* [SUPPLIED MATERIAL]:
************
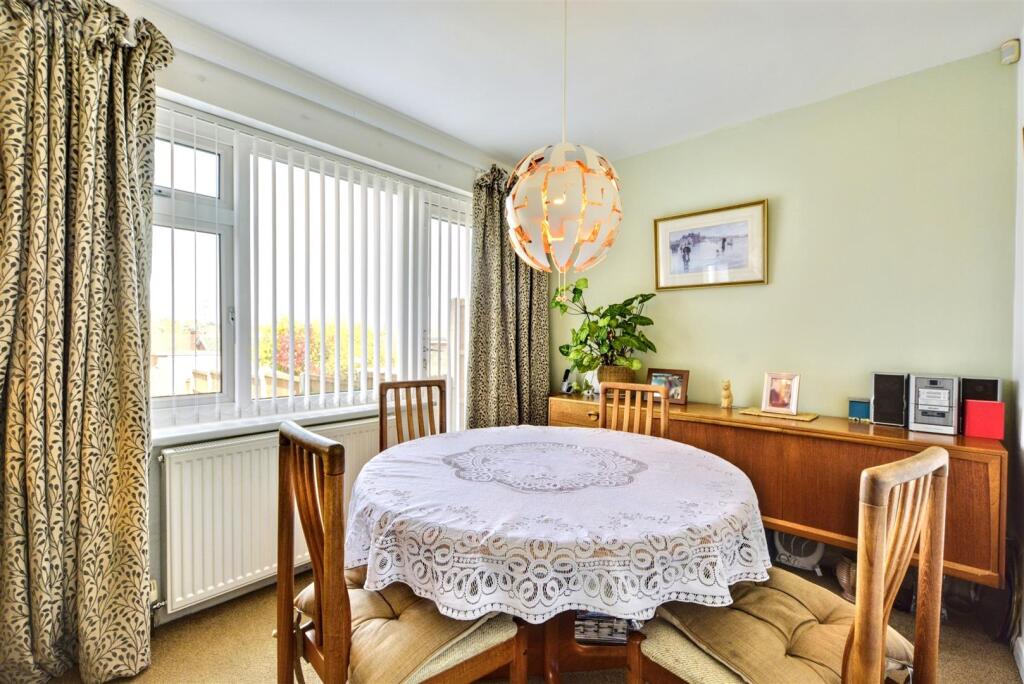 Westbury Close, Chilwell, Nottingham photo 3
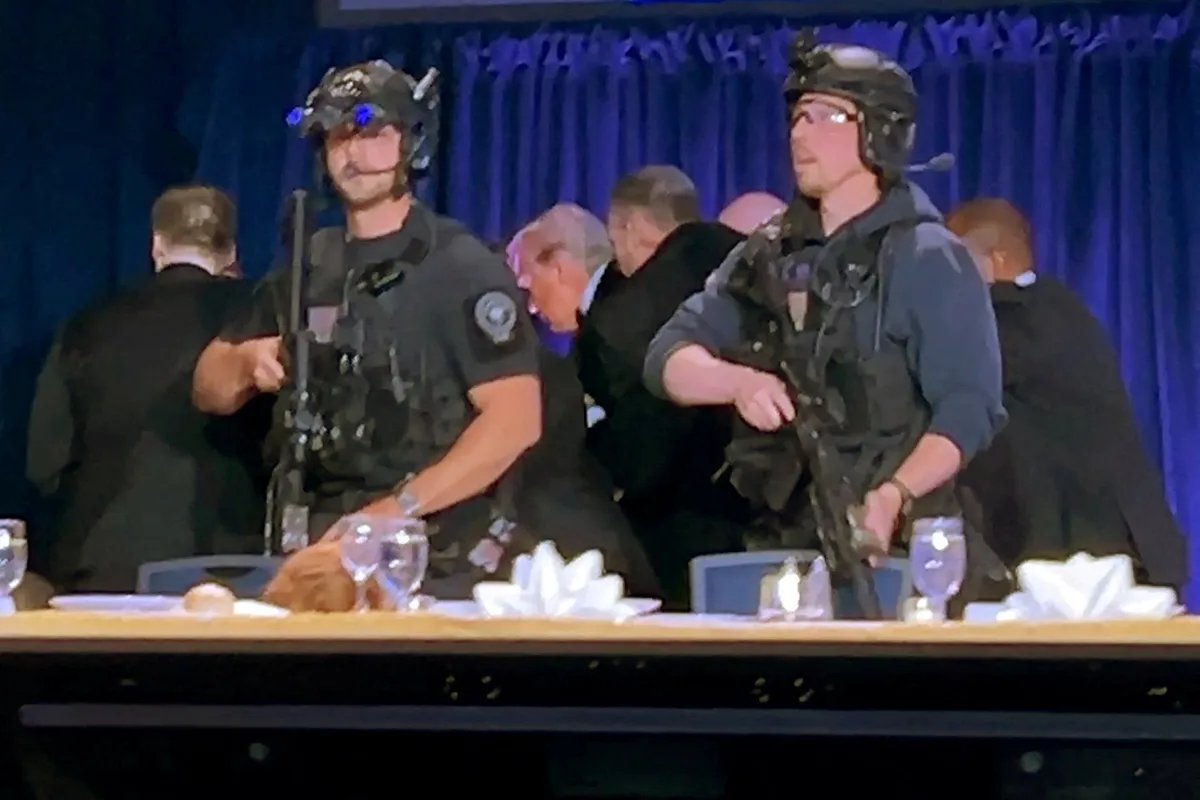 VIDEO zabeležio trenutak kada su se čuli pucnji tokom večere: Melanija i ostali spuštaju se pod sto, Tramp se sapleo dok su ga agenti izvodili iz sale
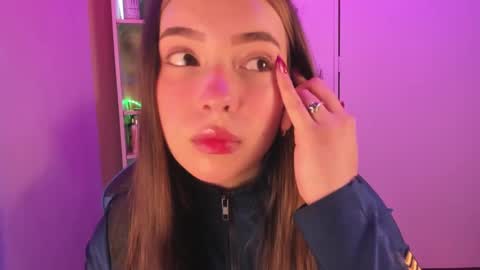 VALEEEN online show from February 9, 2025, 3:56 pm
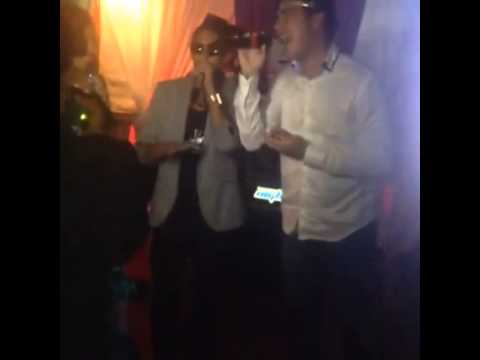 Omar koonze Con Adolflow_vzla cantándole ‪#‎Princesa‬ en Unos 15 años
************
* [TASK ITEM]:
Return the lines above exactly; the images are not part of the copy.

* [RESPONSE BOX]:
 Westbury Close, Chilwell, Nottingham photo 3
 VIDEO zabeležio trenutak kada su se čuli pucnji tokom večere: Melanija i ostali spuštaju se pod sto, Tramp se sapleo dok su ga agenti izvodili iz sale
 VALEEEN online show from February 9, 2025, 3:56 pm
 Omar koonze Con Adolflow_vzla cantándole ‪#‎Princesa‬ en Unos 15 años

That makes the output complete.